#### Task material:

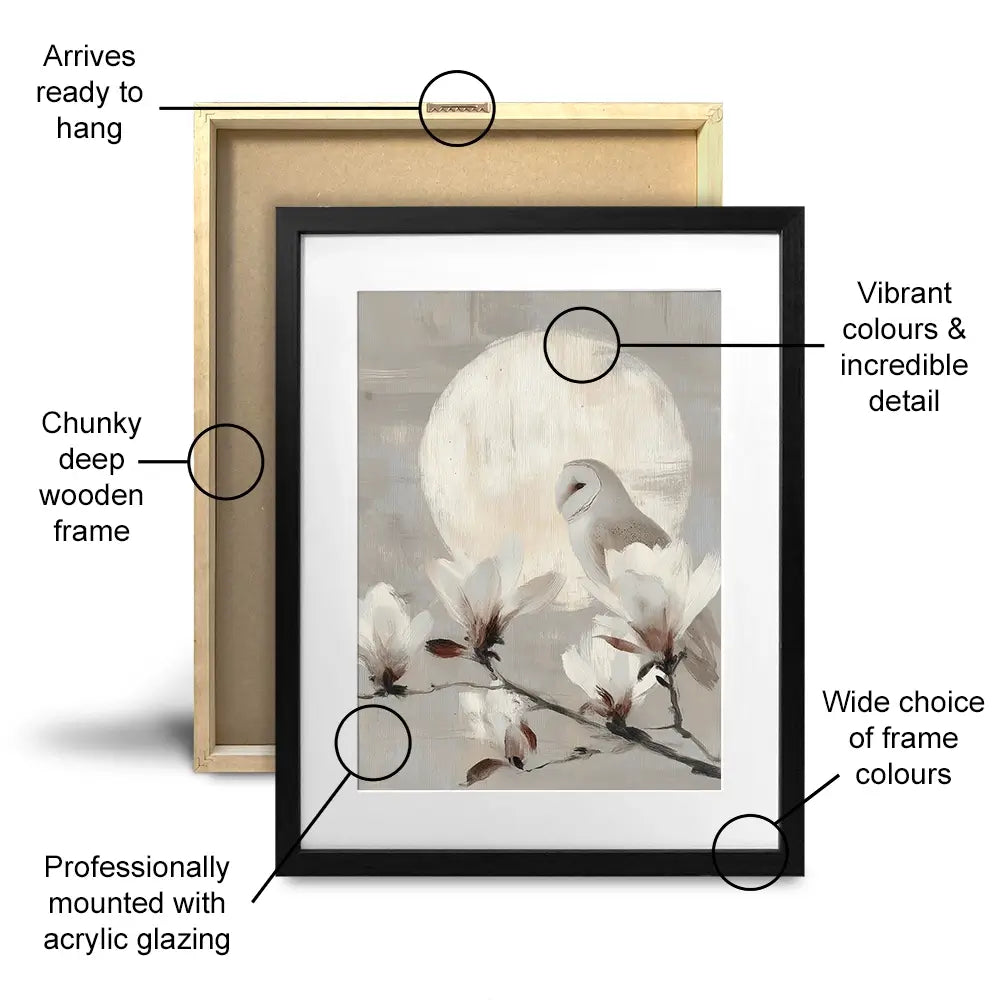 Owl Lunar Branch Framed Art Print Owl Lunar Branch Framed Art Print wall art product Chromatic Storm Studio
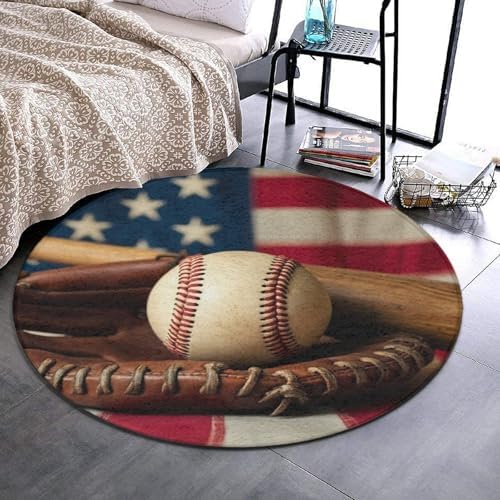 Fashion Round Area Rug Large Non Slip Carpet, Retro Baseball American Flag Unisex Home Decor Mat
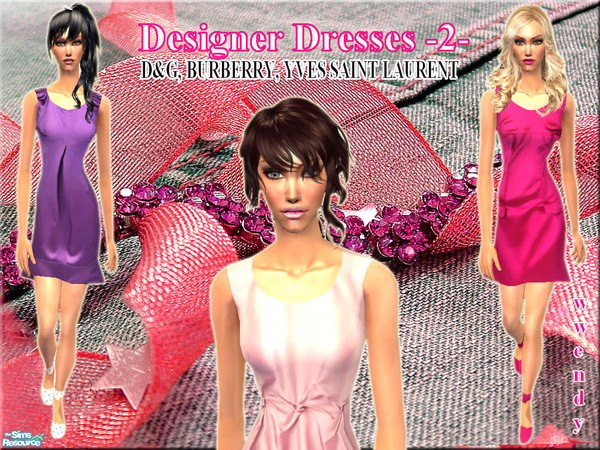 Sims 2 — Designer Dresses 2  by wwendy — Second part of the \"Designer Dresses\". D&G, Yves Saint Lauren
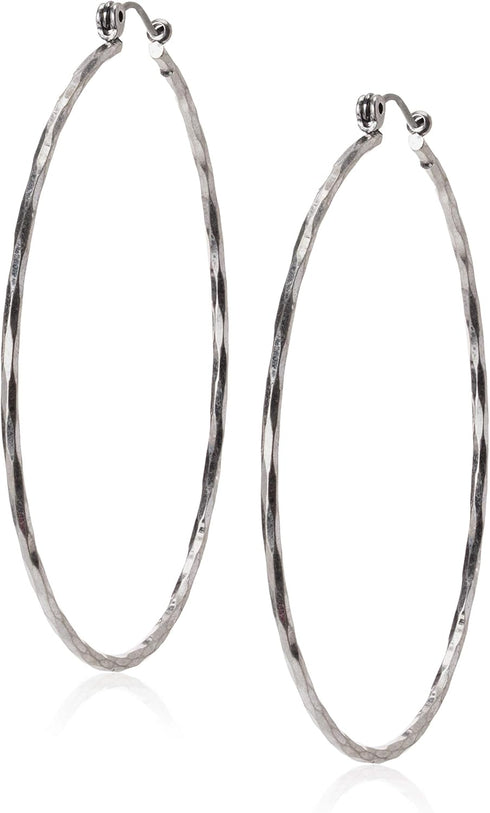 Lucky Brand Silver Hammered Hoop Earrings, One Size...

---

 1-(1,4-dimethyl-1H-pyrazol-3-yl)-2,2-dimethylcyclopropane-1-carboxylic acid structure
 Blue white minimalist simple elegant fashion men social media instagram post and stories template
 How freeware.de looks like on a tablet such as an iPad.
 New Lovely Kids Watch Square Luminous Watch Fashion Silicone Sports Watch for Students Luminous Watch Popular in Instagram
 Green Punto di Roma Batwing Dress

...

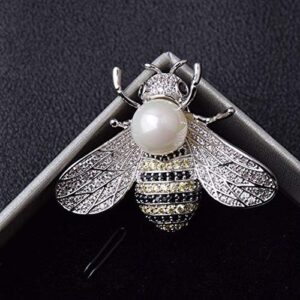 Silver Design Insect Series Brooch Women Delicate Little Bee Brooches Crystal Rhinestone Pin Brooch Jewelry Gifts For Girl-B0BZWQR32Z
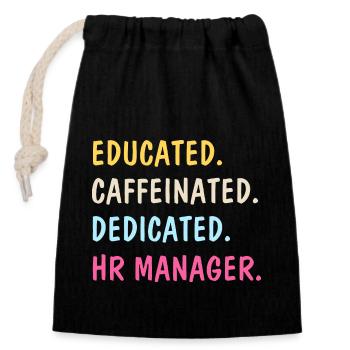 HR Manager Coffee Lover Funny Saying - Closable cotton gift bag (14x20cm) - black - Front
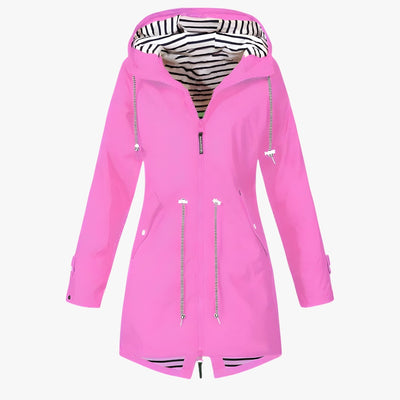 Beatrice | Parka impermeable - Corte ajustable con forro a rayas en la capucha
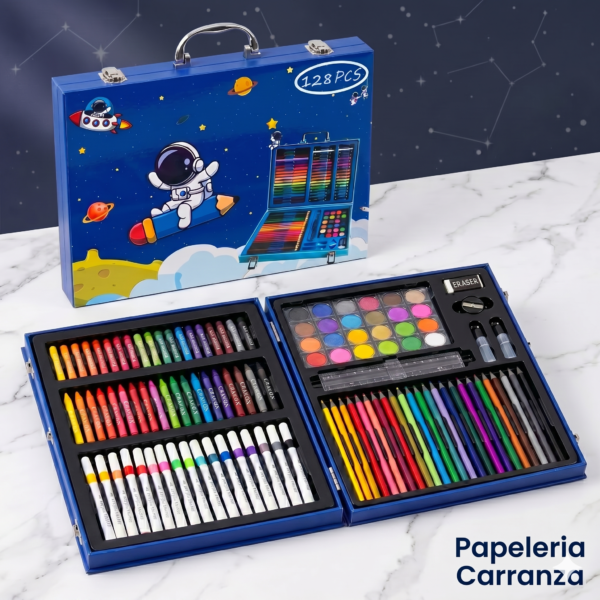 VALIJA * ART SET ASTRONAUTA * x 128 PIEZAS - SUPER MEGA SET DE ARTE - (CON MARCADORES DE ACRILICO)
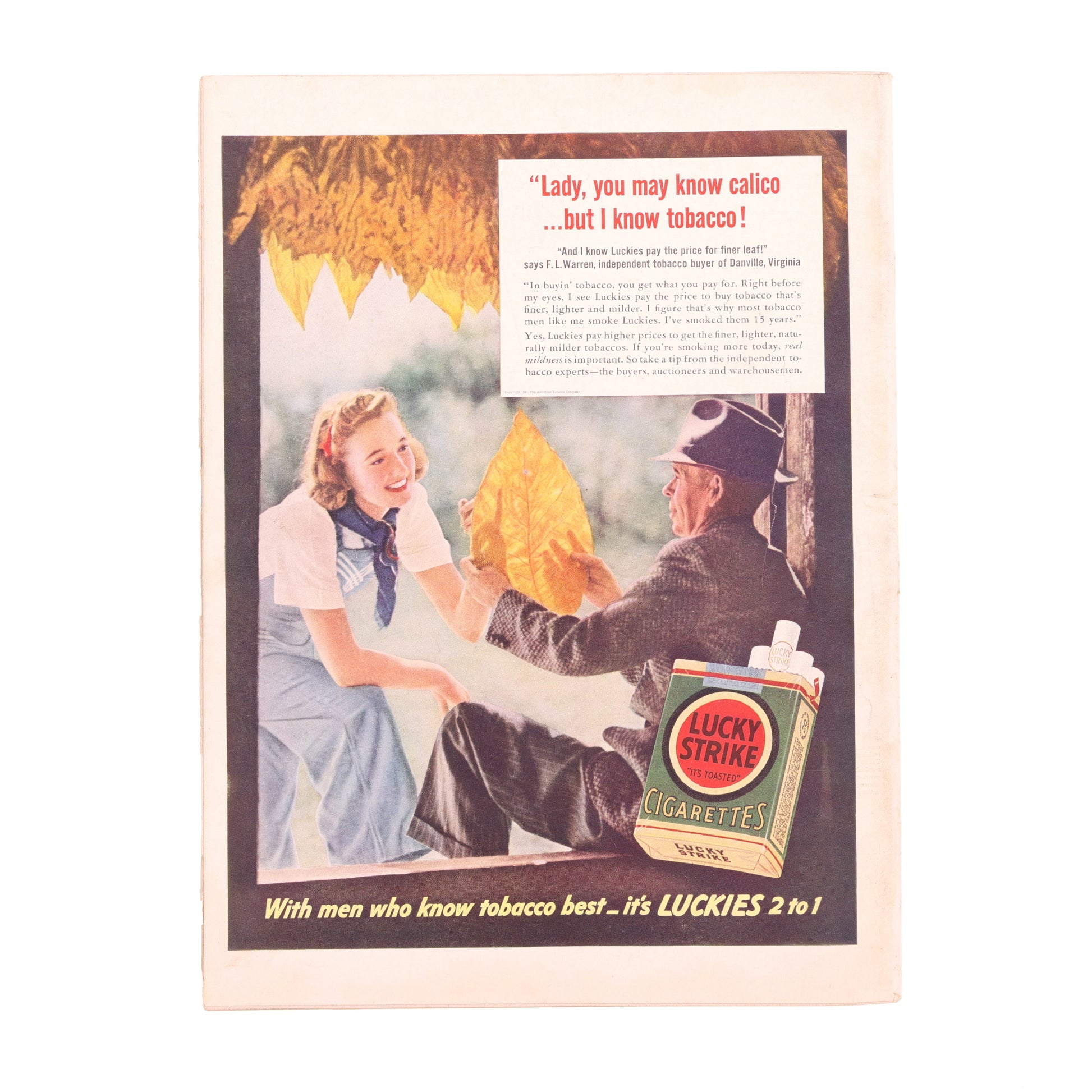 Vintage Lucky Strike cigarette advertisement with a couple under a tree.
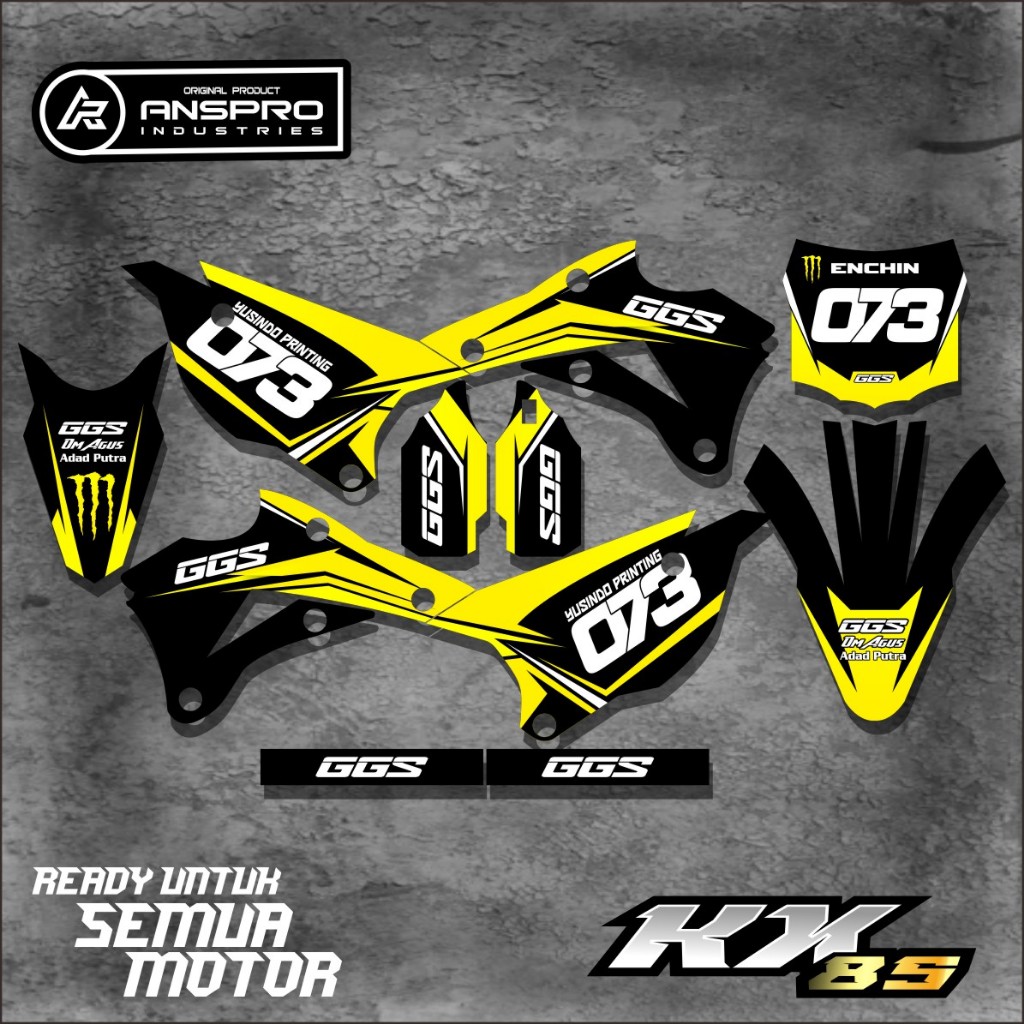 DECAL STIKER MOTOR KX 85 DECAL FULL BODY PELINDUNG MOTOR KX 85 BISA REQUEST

#### Task directions:
What you return must match, character for character, the lines above from the one with "Silver Design Insect" through the one with "Vintage Lucky Strike", minus any pictures.

#### Your solution:
 Silver Design Insect Series Brooch Women Delicate Little Bee Brooches Crystal Rhinestone Pin Brooch Jewelry Gifts For Girl-B0BZWQR32Z
 HR Manager Coffee Lover Funny Saying - Closable cotton gift bag (14x20cm) - black - Front
 Beatrice | Parka impermeable - Corte ajustable con forro a rayas en la capucha
 VALIJA * ART SET ASTRONAUTA * x 128 PIEZAS - SUPER MEGA SET DE ARTE - (CON MARCADORES DE ACRILICO)
 Vintage Lucky Strike cigarette advertisement with a couple under a tree.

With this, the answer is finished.